(Exercise directions):
Print exactly the lines from the one that contains "Inviting covered front" through the last line of the material, both included, and leave out all pictures.

(Information shown):
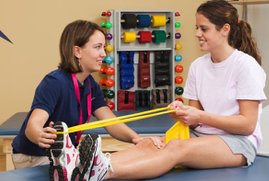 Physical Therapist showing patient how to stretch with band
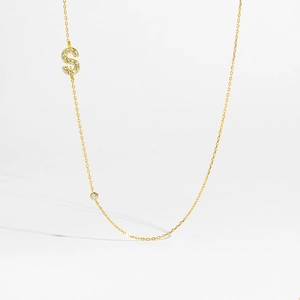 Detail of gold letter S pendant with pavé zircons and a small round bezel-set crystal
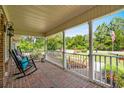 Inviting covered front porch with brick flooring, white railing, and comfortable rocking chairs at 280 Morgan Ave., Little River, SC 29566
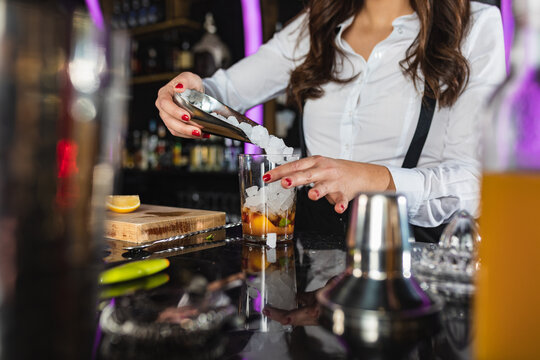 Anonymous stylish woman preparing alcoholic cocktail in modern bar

(The answer):
 Inviting covered front porch with brick flooring, white railing, and comfortable rocking chairs at 280 Morgan Ave., Little River, SC 29566
 Anonymous stylish woman preparing alcoholic cocktail in modern bar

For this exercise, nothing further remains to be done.